Harold Frederic opens The Damnation of Theron Ware with a congregation packed leg to leg, waiting in anticipation for its beleaguered bishop to announce fresh appointments of clergy to a late 19th century Methodist community under pressure from the Presbyterians. The suspense of the Protestant faithful, so masterfully sketched, whets the suspense of Frederic’s audience, whether he was targeting the true believer or a more cosmopolitan mien.
There is room enough for both in this remarkable novel, which utilizes a man’s fall from grace as its template. Theron and his wife Alice are fresh faces, both eager for social distinction. Yet they are a relatively unsophisticated couple, balancing pressure from church elders on one side, and the financial constraints of ministering to a poor community like Octavius, significantly populated by Irish Catholics, they themselves under the possibly less than benevolent authority of Father Forbes.

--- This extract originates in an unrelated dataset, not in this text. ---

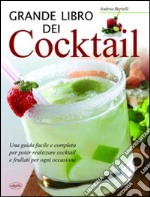 Grande libro dei cocktail. Una guida facile e completa per poter realizzare cocktail e frullati per ogni occasione libro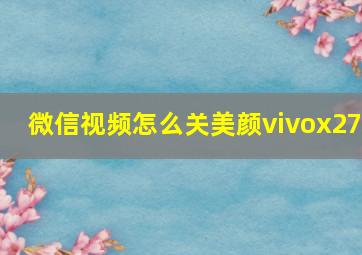 微信视频怎么关美颜vivox27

Theron falls under the influence of Forbes after visiting the home of a mortally injured worker, where he meets Celia Madden, a classic femme fatale whose family falls under the rubric of local American gentry. Celia is roughly comparable to a younger Hedda Gabler, but where Hedda’s dark impulses lead invariably to self-destruction, Celia’s lead to the corruption of a man’s calling and beyond.

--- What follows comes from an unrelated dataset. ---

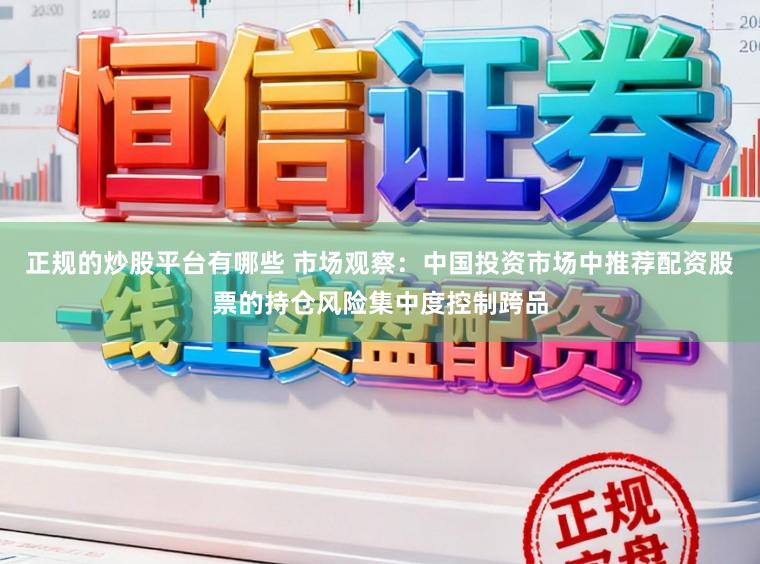 正规的炒股平台有哪些 市场观察:中国投资市场中推荐配资股票的持仓风险集中度控制跨品
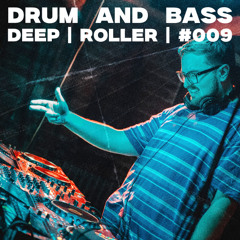 🔊DRUM'AND'BASS MiniMix #009 (Deep & Rollers selection)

Besides that of Father Forbes, Celia’s clique contains the Darwin-ish Dr. Ledsmar, and in tandem the trio bandy Reverend Ware about like a fresh amusement, at first with good humor, then with an increasing sense of affront, one which Theron believes he can control.
Frederic lived a scandalous life. Joseph Conrad deemed him to be “a gross man who lived grossly and died abominably,” a notorious turn of phrase containing a backhanded jab of envy, but if Harold Frederic’s appetites were too large for the age in which he lived, they nonetheless enabled him to be a unique observer of how American fundamentalism merged with avarice and status to give us the country we have today, chasing after Jesus in glitter domes. Both the man and the work deserve more sustained canonical attention.